Problem: Please retype the listing exactly as it appears, skipping each picture.

Given information:
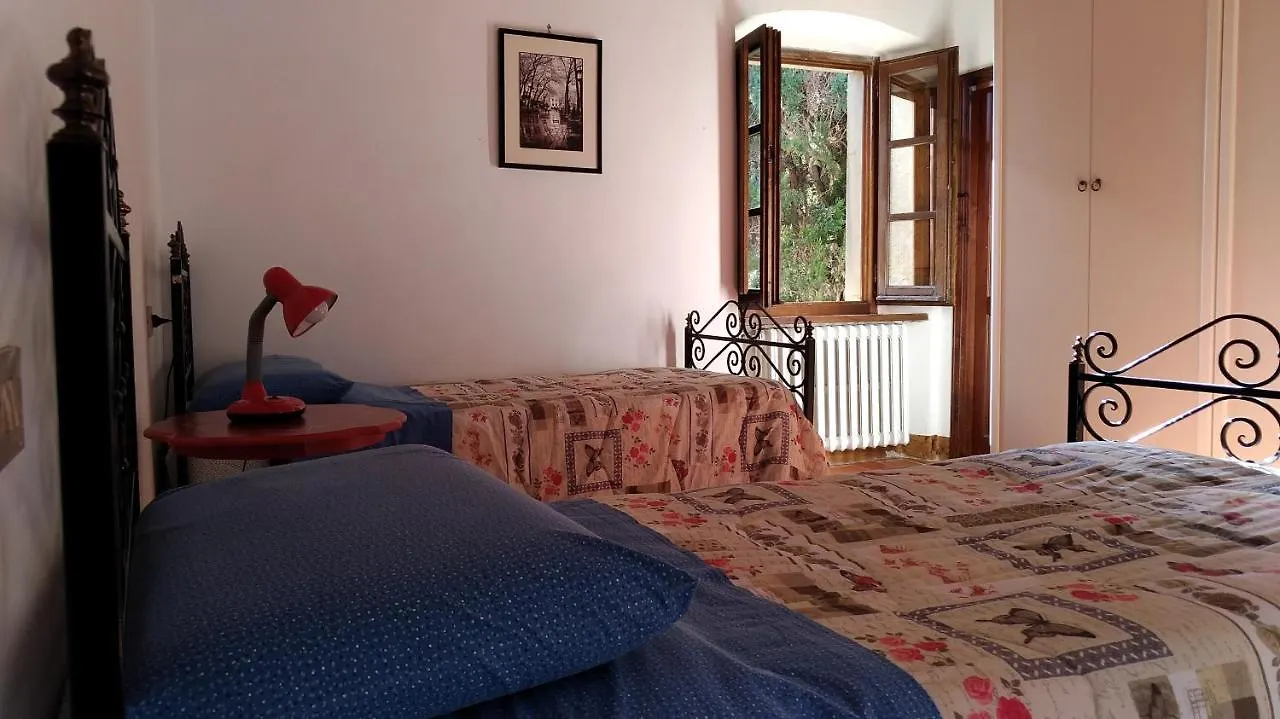 Short Rent Il Casale Apartment Capolona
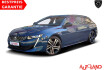 Peugeot 508 GT 1.2 puretech 130 sw gt led navi acc kamera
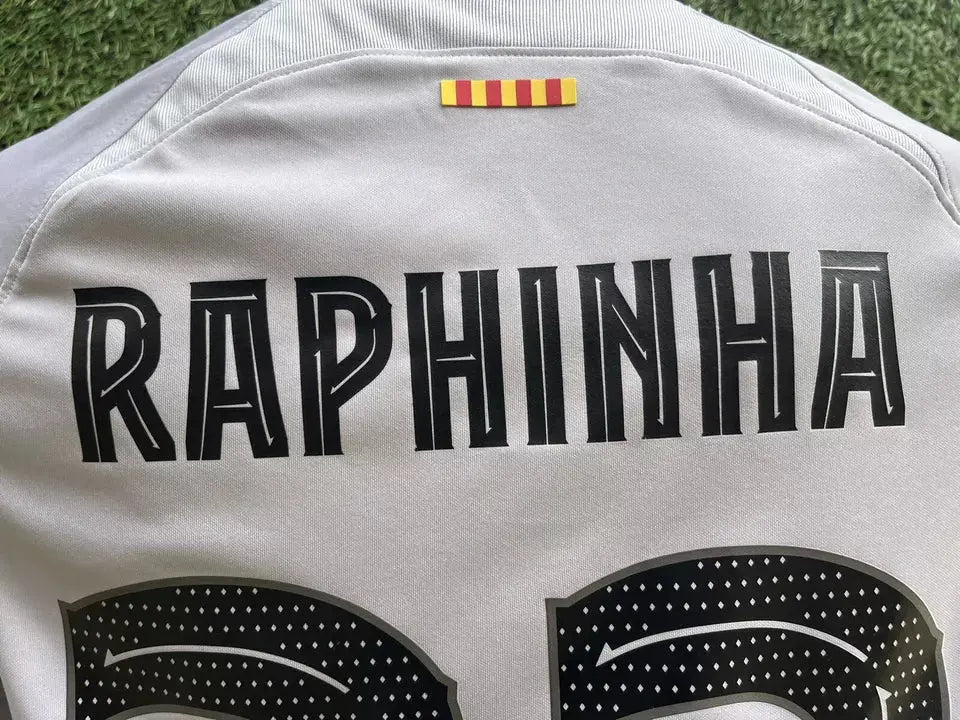 Maillot Raphinha Barcelone Au Fil Des Légendes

Output below:
 Short Rent Il Casale Apartment Capolona
 Peugeot 508 GT 1.2 puretech 130 sw gt led navi acc kamera
 Maillot Raphinha Barcelone Au Fil Des Légendes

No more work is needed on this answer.